There are a number of difficulties in this thread, some of which were addressed by Thomas Holland in response to the Tegart-Norris confusions. Alllow me to start with a summary of the major issues, concentrating first on the NT.

The traditional text of the Holy Gospels vindicated and established
http://books.google.com/books?id=Be5JAAAAMAAJ&pg=PA130
"It is well known that the Peshitto is mainly in agreement with the traditional text." - Dean John Burgon


a) The Peshitta (even in its earlier form, before the greater Byzantine influence of the Philoxenian and Harklean versions) has a much greater affinity to the TR/KJB texts than to the Alexandrian. When I looked at about 200 significant variants, more than 75% of the time the Peshitta lined up with the true Bible, about 25% with corruption. Note that 25% corruption on those variants will allow for a lot of significant corruptions, such as the omission of the Pericope Adultera, while the other large section variant, the ending of Mark, is in the Peshitta.

(btw - It would be nice to have a page where about 30 of the variants are shown, say 20 pro-Byz and 10 pro-Alex, just to give a fuller sense.)

(Studies can vary, there is absolutely no doubt that the numbers are a large majority. I used Brandon's Magic Marker page as the significant variants in my study, looking at every variant.)

b) Thus it is absolutely correct to use the Peshitta as an important Byzantine and TR/KJB witness. Dean John Burgon showed conclusively that this is true even if the Peshitta were the result of a recension, per the strange Hort theories.

Note that this emphasis is largely a refutation of the bogus Westcott-Hort theories. The Peshitta is one of many such refutations, important because it is such a significant and early witness.

c) However, it is not right to claim the Peshitta as identical or almost identical to the King James Bible. A lot of the Tegart-Norris stuff is an attack on this unsupportable claim, made or implied by a couple of King James Bible writers. By their cornfusenik and deceptive writing techniques they can then try to ignore the real textual substantive issues of the clear and strong Peshitta-KJB affinity. And falsely try to link the majority of King James Bible defenders (who write reasonably and accurately on this) with the few who err and overstate the similarity. And if we see a King James Bible defender who overstates the similarity, we can consider sending them a correction. (In that sense, I appreciate the critics, as they help us clarify the real issues and write more precisely.)
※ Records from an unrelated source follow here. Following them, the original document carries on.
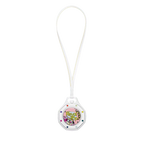 Royal Pop Huit Blanc vue arrière — fond saphir transparent, mouvement Sistem51 remontage manuel décoré Pop Art, cordon blanc surpiqûres jaunes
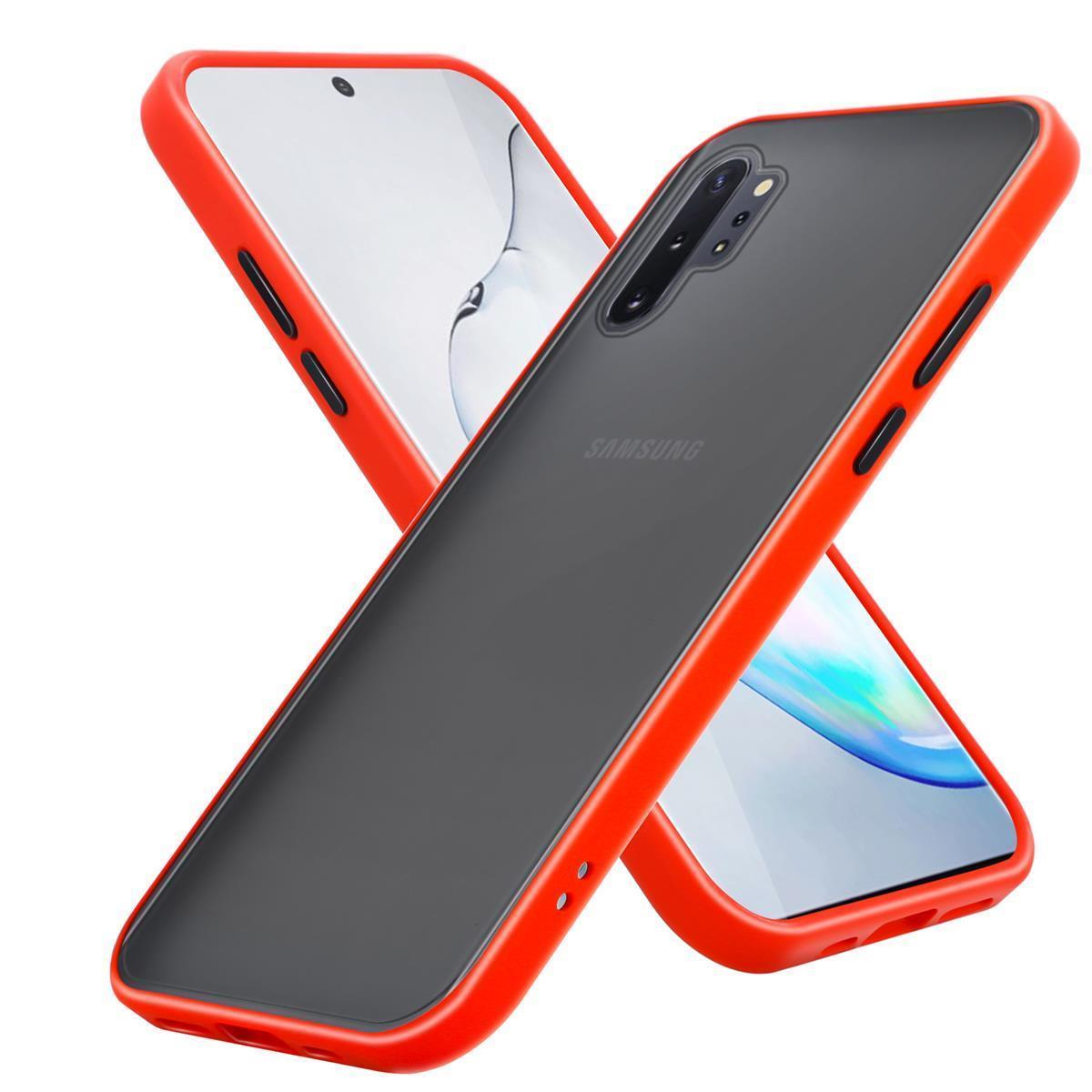 CADORABO Hülle Hybrid Schutzhülle Rot Silikon 10, TPU Tasten Innenseite Galaxy Samsung, matter Schwarze Rückseite, - und Matt Backcover, Kunststoff mit NOTE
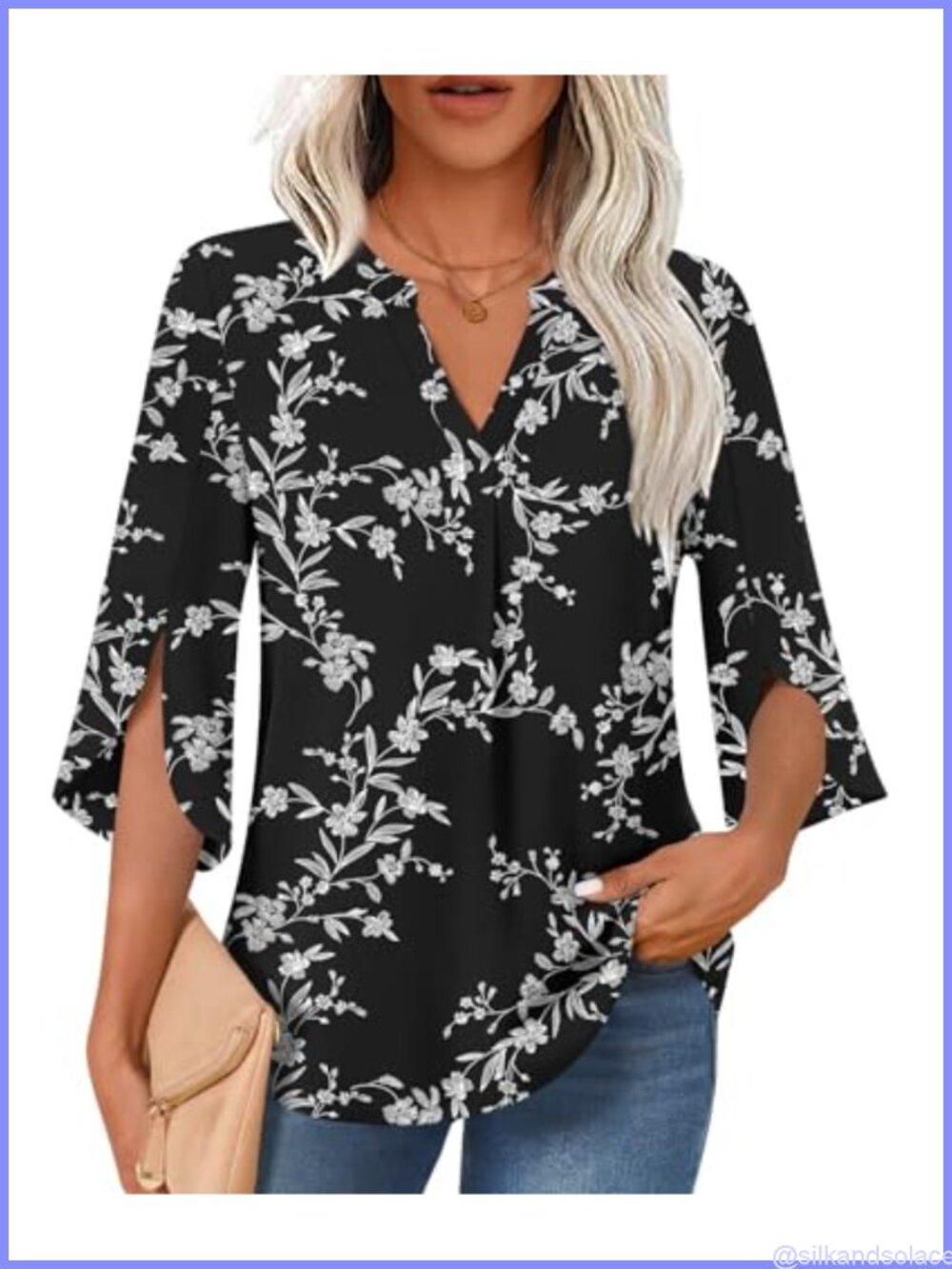 Women's Plus Size 3/4 Sleeve V-Neck Tunic Top Dressy Casual Polyester Spandex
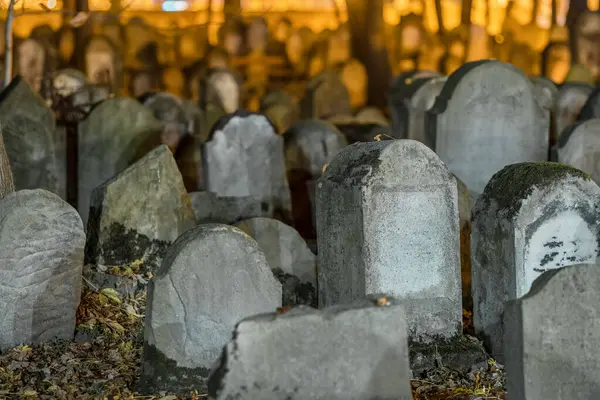 Tombstones Old Cemetery Night Blanketed Gravestones Create Spooky Scene Leaning — Stock Photo, Image
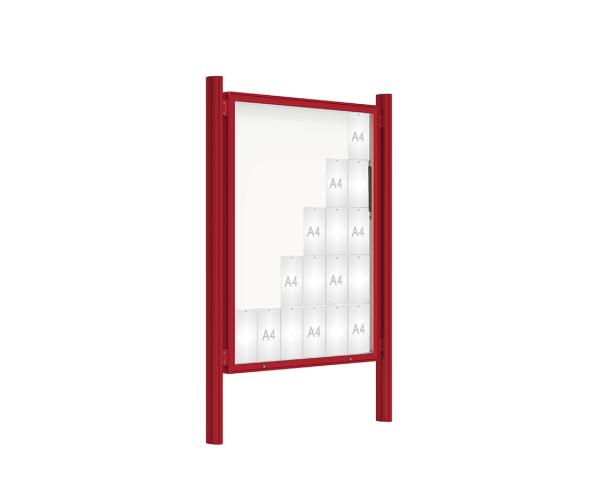 Schaukasten 2000 mit Quatro-Pfosten Farbe:RAL 3004|Abmessungen:30 A4 - B 1350 x 1710 mm - Klapptür|Pfosten:Mittelpfosten zum Einbetonieren - Ohne Titelleiste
d) It is simply incorrect to try to claim that the Peshitta text has been alexandrinized in a Westcott-Hort sense. You can get the agreed-upon Peshitta text from Murdock, Etheridge or Lasma, all online, and the only differences are a few western-eastern distinctions (Murdoch==Western, Lamsa==Eastern) that have very little influence on this analysis.

There is a lot more that could be discussed, such as the dating of the Peshitta, the missing five books (important especially in its support of an early date), the significance in more depth in the analysis of Dean Burgon, the OT situation, the Aramaic Primacy mishegas (helpful though in some factual stuff), Lamsa's approach. However I simply want to renew this discussion in a more general sense first.

Shalom,
Steven

Last edited by Steven Avery; 07-27-2009 at 05:17 AM.